Lo conferma l'art. 628-bis, commi 6 e 7, c.p.p. che ha stabilito la  nuova decorrenza del termine prescrizionale  e di  improcedibilità  unitamente alla modifica apportata all'art. 60, comma 3, c.p.p. che ha espressamente previsto la  riassunzione dello status di imputato  in caso di accoglimento della richiesta di cui all'art. 628-bis  c.p.p.

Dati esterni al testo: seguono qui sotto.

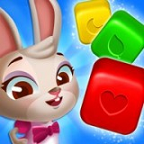 ���ð�����v1.0.2 ׬Ǯ��
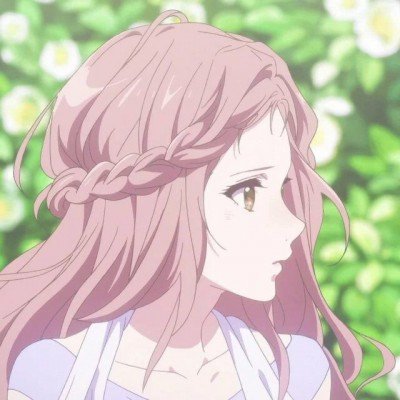 王毅介绍中美元首会晤情况和共识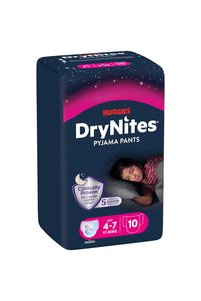 Imaginea produsului asociat Huggies Scutece pentru bebeluși
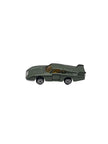 Summer Marz Karz Kramer Porsche Diecast Green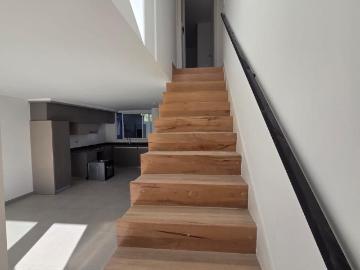 Alquiler Casa a estrenar 2 dormitorios, 139m2, Norte, Las Veras Housing, Cordoba Capital | Argenprop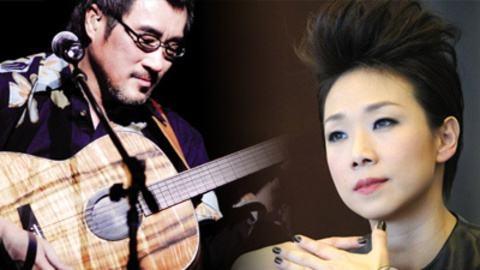 80后青春遗憾图片,致80后的我们终将逝去的青春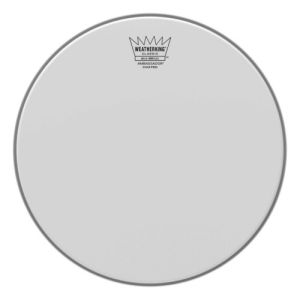 Remo 12'' Ambassador Classic fit Coated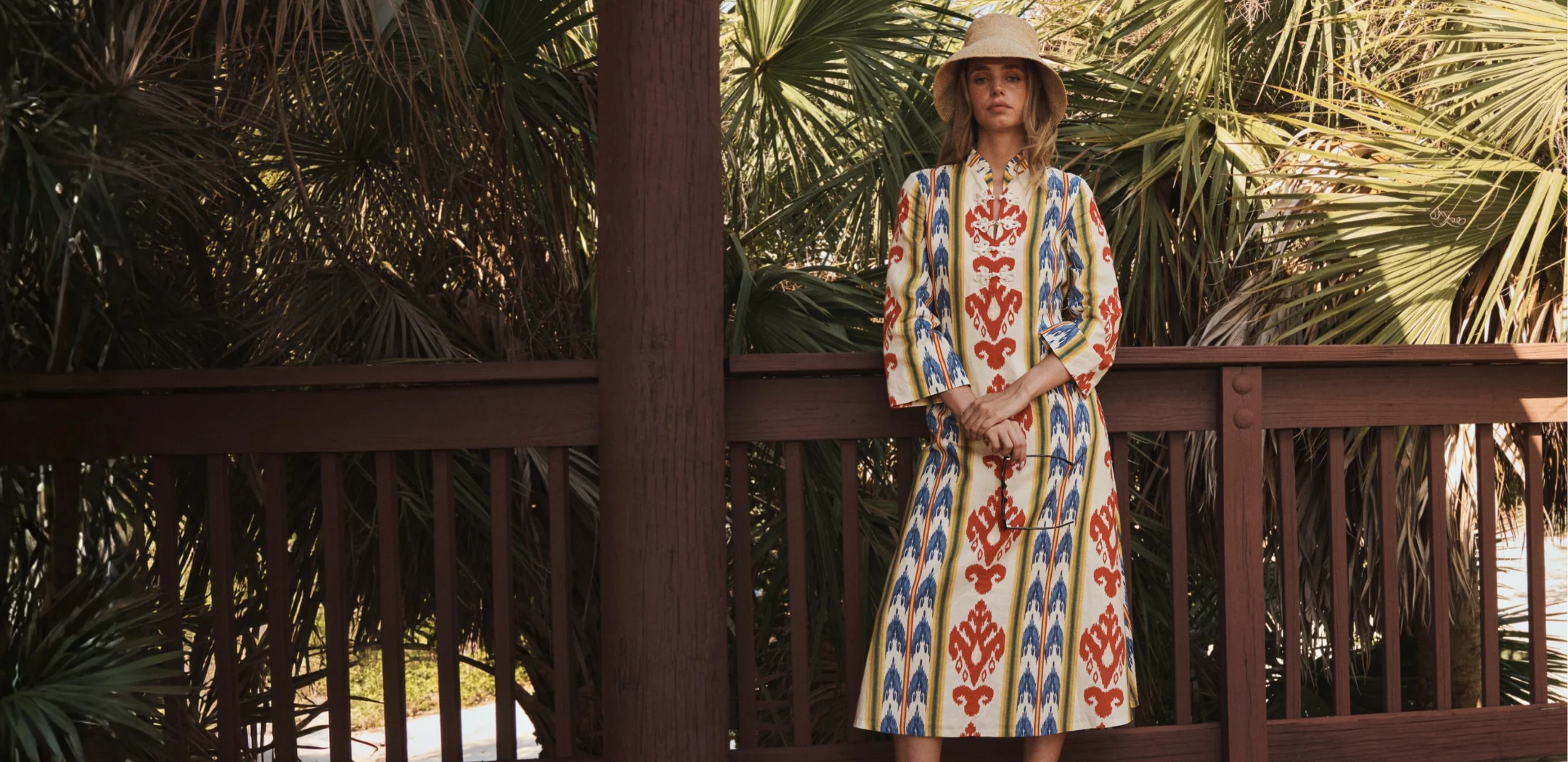 Timeless Style, Modern Versatility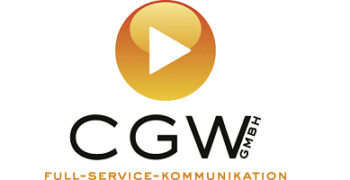 CGW GmbH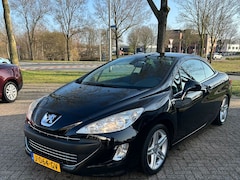 Peugeot 308 CC - 1.6 THP Feline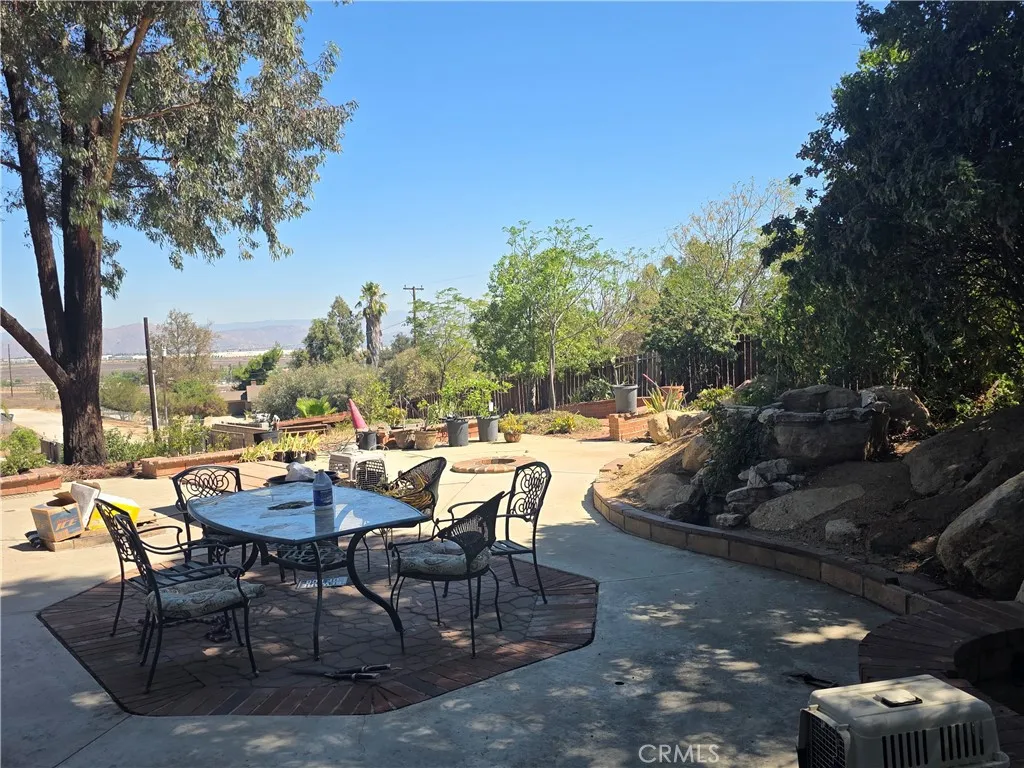 18251 Northstar Avenue, Riverside, California 92508 home-pic-34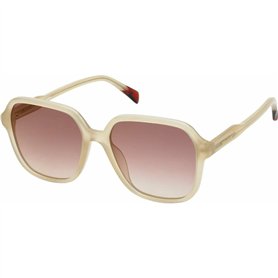 Lunettes de soleil Femme Zadig & Voltaire SZV375-556M3X Ø 55 mm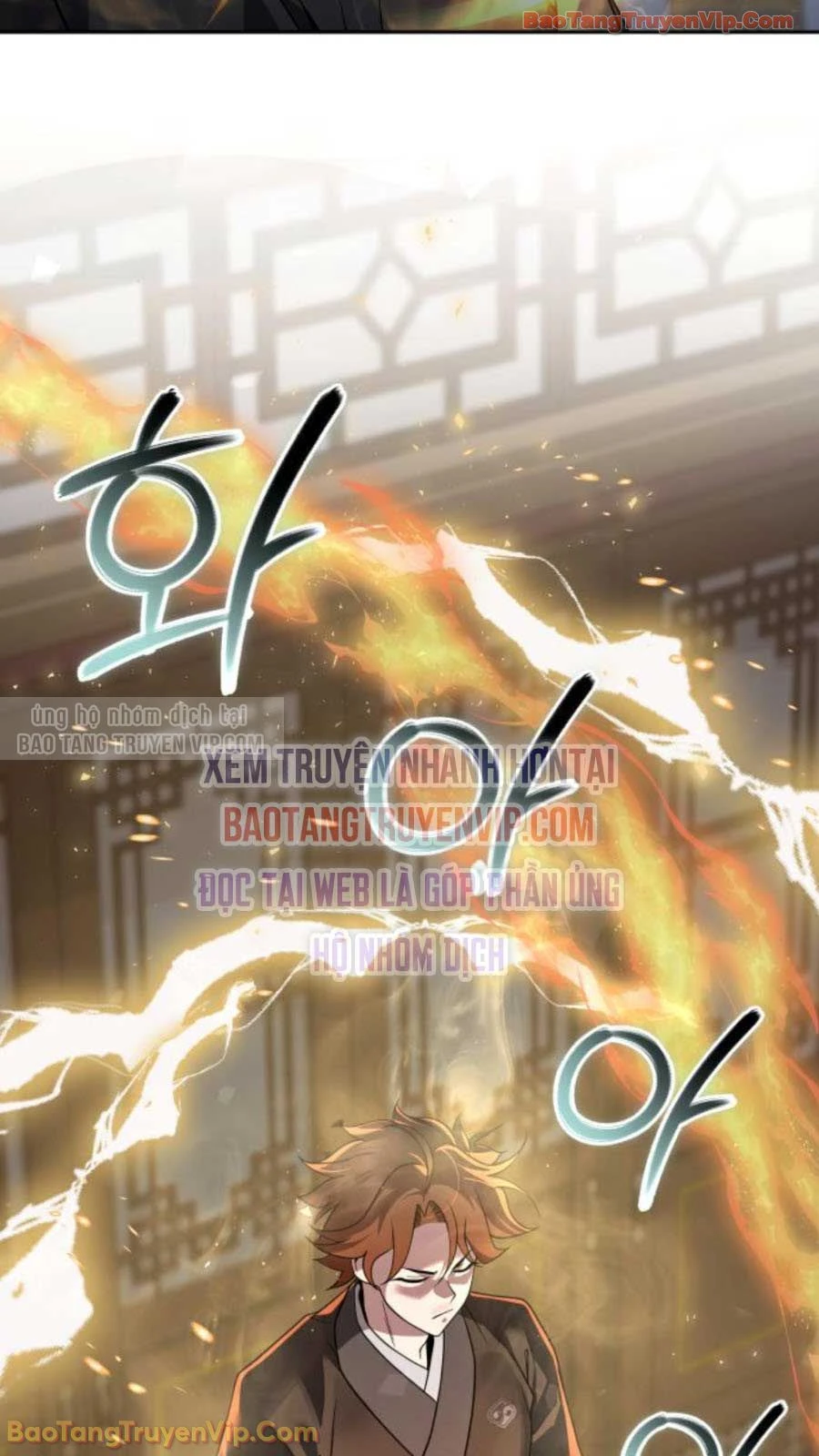 Hoạn Quan Hồi Quy: Tróc Phong Truy Nguyệt Chapter 61 - 70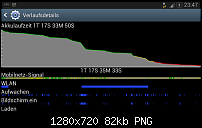 [Akku] Informationsthread-screenshot_2012-11-03-23-47-40.png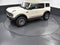 2026 Ford Bronco Outer Banks 314A
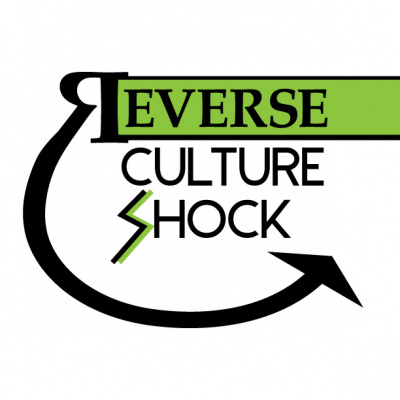 Elyse Y. Robinson - Black Woman In Mexico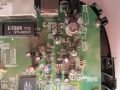 Belkin F9K1103 v1 board top over caps power.JPG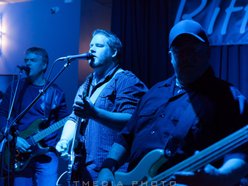 Image for Rail City Kings
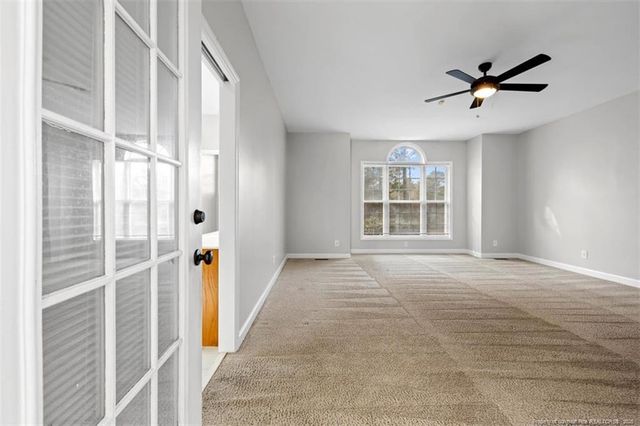 7811 Workman Street, Fayetteville, NC 28311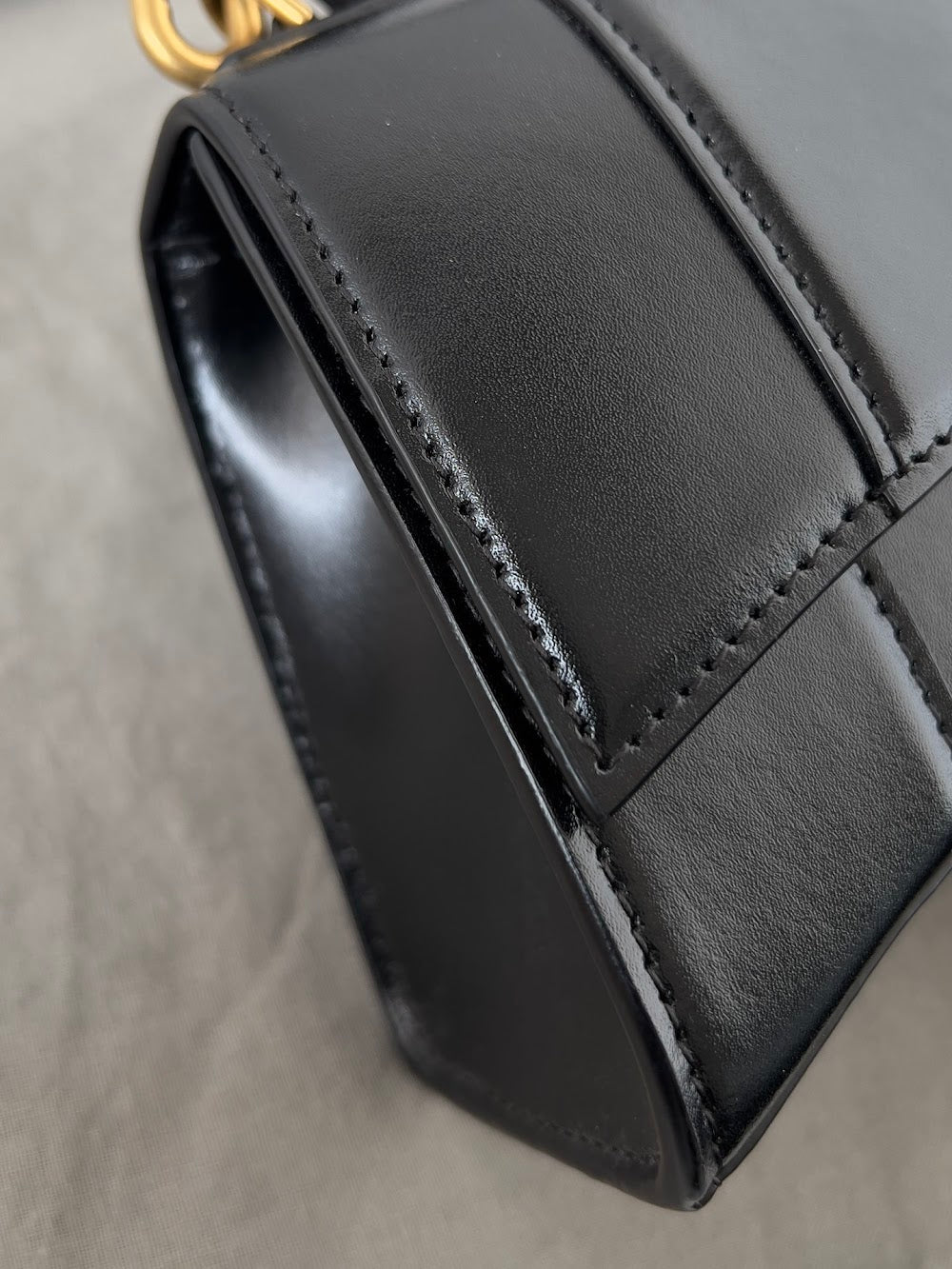 Ezyycart Bags Balenciaga Luxury Bag --111622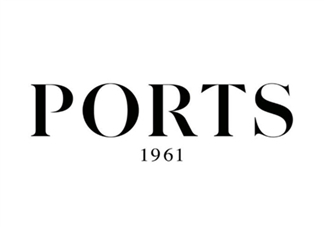 ports是什么牌子？ports寶姿是什么檔次？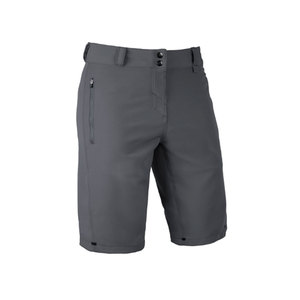 Shorts de VTT de qualité professionnelle, tissu extensible durable, évacuation de l'humidité, shorts de cyclisme en plein air - Product Image 6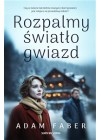 Rozpalmy swiatlo gwiazd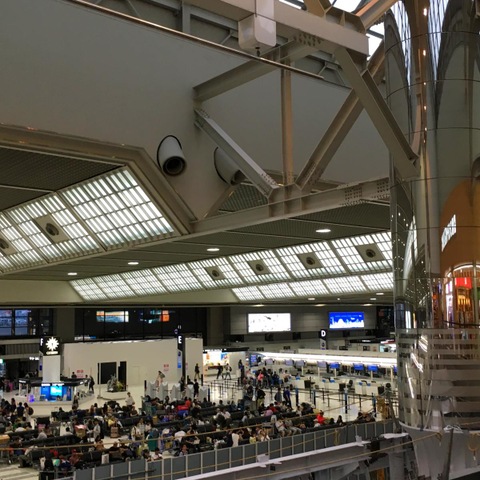施設写真98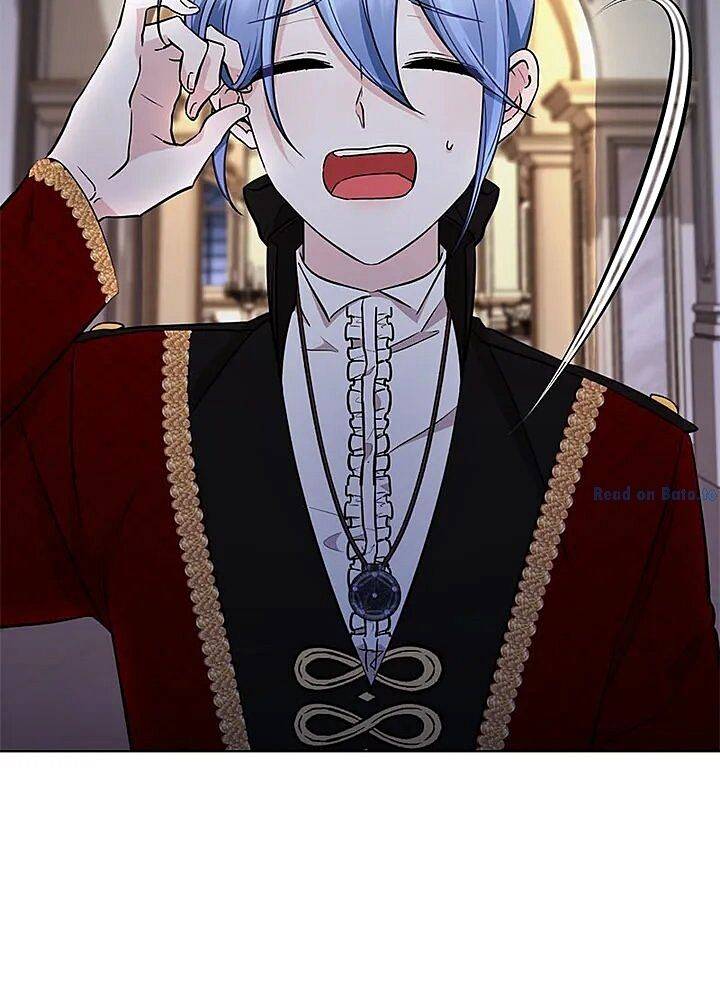 The Daughter of the Elemental King Chapter 103 424 090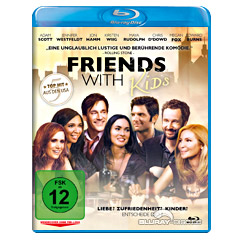 Friends-with-Kids-Neuauflage-DE.jpg Friends-with-Kids-Neuauflage-DE.jpg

Nella sentenza in commento, la S.C. ha disposto la  revoca  delle due  sentenze  nella parte in cui hanno  determinato il passaggio in giudicato della sentenza per calunnia, optando per l'annullamento con «rinvio» della sentenza emessa dalla Corte di Assise di Appello di Perugia, che ha chiuso la fase di merito circa la responsabilità per il delitto di calunnia.

Ciò al fine di consentire al giudice del rinvio di riesaminare l'incidenza effettiva delle accertate violazioni convenzionali sul giudicato interno per addivenire «[…] ad un nuovo ed autonomo giudizio», in particolare sulla valutazione del «memoriale» sottoscritto dalla Knox e consegnato agli ufficiali di polizia giudiziaria prima che la stessa fosse sottoposta alla misura cautelare in carcere.

E infatti, il manoscritto redatto in lingua inglese dalla Knox non è stato sottoposto all'azione demolitoria della Corte EDU perché non attinto dalle violazioni del diritto all'assistenza difensiva e linguistica riferibili alle sole dichiarazioni rese oralmente dalla stessa.